Optimizing Mitochondrial Function for Fertility

Let's dive into optimizing the mitochondrial function of oocytes.

Oocytes are the immature egg cells found in the ovaries of females. They are crucial for reproduction, as they have the potential to develop into mature eggs that can be fertilized by sperm to create an embryo. Women are born with all of the oocytes we will ever have in our lifetime!

We know that mitochondria is the energy-producing organelles of the cell, including in oocytes. With eggs in high demand for energy during fertilization and early embryo development, mitochondrial function plays a crucial role in the egg quality and fertility. Over time, as women age, the mitochondria become less efficient, contributing to a decline in fertility and egg quality.

Oocyte mitochondria are essential for supporting early embryonic development for two main reasons. First, glycolysis is limited during oocyte maturation and the early stages of preimplantation embryo development, up to the blastocyst stage. Secondly, mitochondrial replication is suppressed, and the mitochondrial DNA count remains unchanged from metaphase II oocytes to the hatched blastocyst stage. As a result, mitochondria from the oocyte are the primary source of ATP during preimplantation embryonic development.

To optimize mitochondrial function in oocytes, focusing on lifestyle changes can make a big difference.

  1. Nutrient-Rich Foods: focusing on antioxidant-rich foods like fruits, vegetables, nuts, and seeds to help combat oxidative stress, along with omega-3 fatty acids from sources like fatty fish, walnuts, and flaxseeds to reduce inflammation and support cellular health.

  2. Low-Glycemic Diet: whole grains, lean proteins, and healthy fats can help stabilize blood sugar levels, reducing oxidative stress and inflammation, which benefits overall fertility.

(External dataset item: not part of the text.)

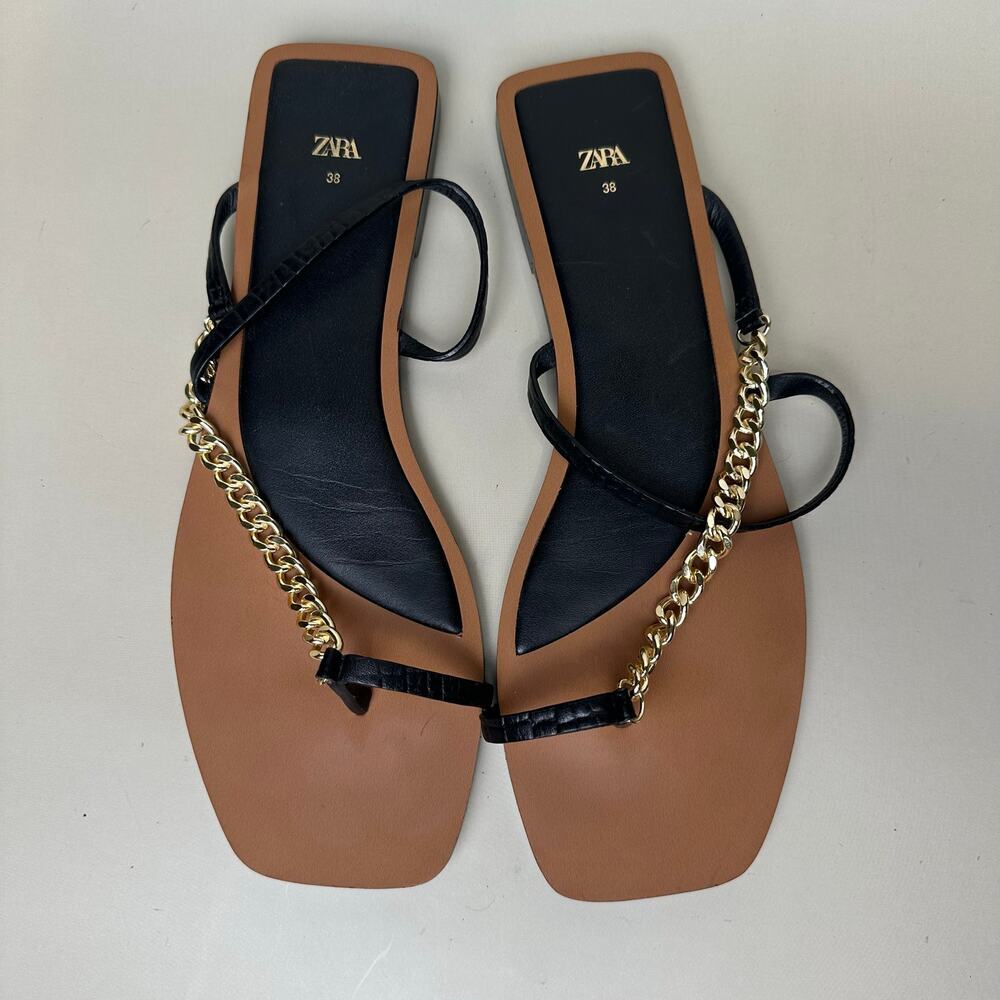 Zara Black Flat Sandals with Gold Chain Detail Stylish Women's Footwear Size 38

  3. Regular Exercise: moderate aerobic activities like walking or swimming promoting mitochondrial biogenesis and strength training improving insulin sensitivity. It’s important to avoid overtraining, as excessive exercise can increase oxidative stress.

  4. Managing Stress: high cortisol levels can negatively impact mitochondria. Practices like meditation, mindfulness, or even just carving out time for yourself to relax can help.

  5. Quality Sleep: repair and recharge your body, which is essential for healthy mitochondria.

  6. Adding Spices: turmeric (curcumin), ginger and cinnamon have been shown to reduce inflammation in the body - further protecting your mitochondria.

  7. Avoiding Toxins: steering clear of toxins such as pesticides or endocrine disruptors can provide additional protection for your mitochondria.

  8. Avoiding Alcohol & Smoking: both contribute to oxidative stress and impair mitochondrial function.

References:

Shaum KM, Polotsky AJ. Nutrition and reproduction: is there evidence to support a "Fertility Diet" to improve mitochondrial function? Maturitas. 2013 Apr;74(4):309-12. doi: 10.1016/j.maturitas.2013.01.011. Epub 2013 Feb 1. PMID: 23376023; PMCID: PMC4019337.

Babayev E, Seli E. Oocyte mitochondrial function and reproduction. Curr Opin Obstet Gynecol. 2015 Jun;27(3):175-81. doi: 10.1097/GCO.0000000000000164. PMID: 25719756; PMCID: PMC4590773.

Rodríguez-Varela C, Labarta E. Does Coenzyme Q10 Supplementation Improve Human Oocyte Quality? Int J Mol Sci. 2021 Sep 2;22(17):9541. doi: 10.3390/ijms22179541. PMID: 34502447; PMCID: PMC8431086.

Kobayashi H, Imanaka S. Mitochondrial DNA Damage and Its Repair Mechanisms in Aging Oocytes. Int J Mol Sci. 2024 Dec 6;25(23):13144. doi: 10.3390/ijms252313144. PMID: 39684855; PMCID: PMC11642581.

Mani S, Srivastava V, Shandilya C, Kaushik A, Singh KK. Mitochondria: the epigenetic regulators of ovarian aging and longevity. Front Endocrinol (Lausanne). 2024 Nov 13;15:1424826. doi: 10.3389/fendo.2024.1424826. PMID: 39605943; PMCID: PMC11598335.